# Folding tire vs rigid tire



## BruceG1

Besides the obvious that one of these is foldable, what is the difference in these types of tires. Do they have a different purpose? I can see that someone MAY want to carry a spare tire on a ride, just like a spare tube, but are they intended for different applications?


----------



## Rider5200

Rigid tires have a steel bead around the rim of the tire and folding tires have a Kevlar bead. The folding tire will weigh less and may be easier to put on and take off the rim. Folding tires are a a little more expensive, but worth the extra cost, IMO. You get a better ride and a greater selection with folding tires.


----------



## JCavilia

They're not "rigid" -- they just have a bead that's made of steel wire rather than kevlar fiiber, as the other respondent noted. The only performance difference is a little more weight. Folding tires aren't necessarily easier to install -- that depends on the the fit of tire and rim, and a given kevlar-bead tire can have a tight fit on a given rim. In fact, because the stiffness of the wire bead can help the tire stay on the rim, folding tires often tend to be made a little tighter, and some of them can be hard to install. But you can't generalize.

Higher-performance (and costlier) tires tend to be folders, because people who buy those tend to want the lighter weight.

Wire-bead tires can be folded up a bit, too, if you know how, but they won't make as small a package as the kevlar ones.


----------



## GetReal

JCavilia said:


> They're not "rigid" -- they just have a bead that's made of steel wire rather than kevlar fiiber, as the other respondent noted. The only performance difference is a little more weight. Folding tires aren't necessarily easier to install -- that depends on the the fit of tire and rim, and a given kevlar-bead tire can have a tight fit on a given rim. In fact, because the stiffness of the wire bead can help the tire stay on the rim, folding tires often tend to be made a little tighter, and some of them can be hard to install. But you can't generalize.
> 
> Higher-performance (and costlier) tires tend to be folders, because people who buy those tend to want the lighter weight.
> 
> Wire-bead tires can be folded up a bit, too, if you know how, but they won't make as small a package as the kevlar ones.
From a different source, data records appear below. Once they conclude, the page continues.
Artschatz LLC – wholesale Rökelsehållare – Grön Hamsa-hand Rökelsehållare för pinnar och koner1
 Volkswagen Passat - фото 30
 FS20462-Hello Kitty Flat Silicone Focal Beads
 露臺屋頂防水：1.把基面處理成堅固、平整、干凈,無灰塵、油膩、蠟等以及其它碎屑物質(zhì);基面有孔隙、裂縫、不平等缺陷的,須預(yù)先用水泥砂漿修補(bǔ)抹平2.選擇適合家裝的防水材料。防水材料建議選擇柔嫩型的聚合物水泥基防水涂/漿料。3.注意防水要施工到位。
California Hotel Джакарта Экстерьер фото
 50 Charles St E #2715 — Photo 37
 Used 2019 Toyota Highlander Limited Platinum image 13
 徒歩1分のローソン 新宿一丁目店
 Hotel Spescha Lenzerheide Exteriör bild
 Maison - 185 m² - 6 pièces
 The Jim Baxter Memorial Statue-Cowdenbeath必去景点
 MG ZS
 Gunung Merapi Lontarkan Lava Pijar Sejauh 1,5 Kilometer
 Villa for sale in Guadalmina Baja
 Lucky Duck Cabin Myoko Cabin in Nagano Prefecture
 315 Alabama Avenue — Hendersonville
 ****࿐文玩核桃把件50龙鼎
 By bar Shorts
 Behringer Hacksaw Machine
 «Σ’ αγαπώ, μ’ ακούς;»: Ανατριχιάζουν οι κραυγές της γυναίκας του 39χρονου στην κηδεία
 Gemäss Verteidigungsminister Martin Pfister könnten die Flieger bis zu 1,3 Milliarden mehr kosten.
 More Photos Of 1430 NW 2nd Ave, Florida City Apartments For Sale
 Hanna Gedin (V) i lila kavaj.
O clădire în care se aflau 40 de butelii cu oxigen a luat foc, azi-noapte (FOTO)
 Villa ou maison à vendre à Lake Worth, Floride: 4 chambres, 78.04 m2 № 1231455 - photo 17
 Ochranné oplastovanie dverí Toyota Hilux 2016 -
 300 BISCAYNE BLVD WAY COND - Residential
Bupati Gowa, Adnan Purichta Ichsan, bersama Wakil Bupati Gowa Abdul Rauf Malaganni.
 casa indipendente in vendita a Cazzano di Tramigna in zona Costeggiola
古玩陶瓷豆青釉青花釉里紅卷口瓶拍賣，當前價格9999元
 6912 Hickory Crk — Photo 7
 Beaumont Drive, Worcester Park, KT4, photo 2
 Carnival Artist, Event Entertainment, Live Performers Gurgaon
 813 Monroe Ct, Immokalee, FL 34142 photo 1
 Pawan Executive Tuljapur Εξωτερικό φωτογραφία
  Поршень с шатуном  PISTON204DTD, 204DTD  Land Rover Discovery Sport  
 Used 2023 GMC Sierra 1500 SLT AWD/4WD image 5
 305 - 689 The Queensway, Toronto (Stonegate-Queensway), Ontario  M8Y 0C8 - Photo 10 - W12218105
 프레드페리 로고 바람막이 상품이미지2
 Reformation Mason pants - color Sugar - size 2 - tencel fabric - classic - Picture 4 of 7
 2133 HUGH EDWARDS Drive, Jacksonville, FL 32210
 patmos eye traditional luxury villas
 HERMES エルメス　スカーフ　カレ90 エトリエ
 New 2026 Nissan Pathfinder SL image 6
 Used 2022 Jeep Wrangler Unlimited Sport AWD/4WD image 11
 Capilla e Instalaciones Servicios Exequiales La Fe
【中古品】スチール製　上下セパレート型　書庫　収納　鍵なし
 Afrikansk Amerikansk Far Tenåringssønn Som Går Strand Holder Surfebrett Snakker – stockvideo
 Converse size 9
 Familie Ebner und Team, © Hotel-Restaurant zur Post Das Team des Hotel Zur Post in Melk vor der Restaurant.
Learn from this guy! :thumbsup:


----------



## BruceG1

So can either of these types be used on the same style/type of rim?


----------



## nOOky

Yepper.


----------



## GetReal

BruceG1 said:


> So can either of these types be used on the same style/type of rim?



Yes, as long as the tire is a clincher and the rim is designed for a clincher.


----------



## Erion929

On the subject of folding tires.....those things are fairly flattened out, even the bead, how do they take the shape of a wheel? Do you have to "mold" the tire by hand into the basic hoop shape, and then "crimp" the bead curvature to the wheel? Do they hold onto the wheel at first try, or do you have to keep popping the bead down into the wheel?

It just seems that there would be some "memory" to the rubber that would make it want to flatten out again. Or am I thinking too hard? Obviously I've never seen one in action.....


**


----------



## fsdork

Erion929 said:


> On the subject of folding tires.....those things are fairly flattened out, even the bead, how do they take the shape of a wheel? Do you have to "mold" the tire by hand into the basic hoop shape, and then "crimp" the bead curvature to the wheel? Do they hold onto the wheel at first try, or do you have to keep popping the bead down into the wheel?
> 
> It just seems that there would be some "memory" to the rubber that would make it want to flatten out again. Or am I thinking too hard? Obviously I've never seen one in action.....
> 
> 
> **


My OEM tires were wire bead, and the replacement I bought this year was a folding-type. I fumbled with it a bit, trying to get it to take shape. Once I put the partially-inflated tube inside and started working the tire onto the rim, everything worked out quite easily.


----------



## cmdrpiffle

Not trying to be elitist.....but....wire bead tires really don't have any reason to be on a bicycle. They are simply inexpensive, heavy, and more cost effective to manufacture.

The average novice recreational rider will be able to tell the difference between a set of wire beaded and folding (kevlar/aramid) tires on their wheels.

cheers


----------



## MR_GRUMPY

All my training is done on cheap wire bead tires. All my racing is done on sew ups. I do have a wheelset with lightweight folding tires, but I only use them for long rides with friends.

Wire bead tires ride the same as folding tires (because they are made the same way), and I'm not fast enough to notice an extra 200 grams (total), even when going uphill.

I try not to impress people with my tires. There are other ways of doing that.


----------



## perttime

...double post, VVVVV


----------



## perttime

Erion929 said:


> Or am I thinking too hard? Obviously I've never seen one in action..


You are thinking too hard 

The hard part is to get one side of the tire over the edge of the rim: it is soft and does not want to hold a shape until it is there. Then it gets very easy


----------



## Lazy Spinner

I commute on Conti UltraGatorskin wire beads. They're heavy but cheap, durable, and I've never flatted on them.

Make your life easier and get a Kool-Stop Tire Jack. It makes mounting wire beads a breeze.


----------



## cmdrpiffle

MR_GRUMPY said:


> All my training is done on cheap wire bead tires.
> Wire bead tires ride the same as folding tires (because they are made the same way), and I'm not fast enough to notice an extra 200 grams (total), even when going uphill.
> 
> I try not to impress people with my tires. There are other ways of doing that.


Sucks to be you!


----------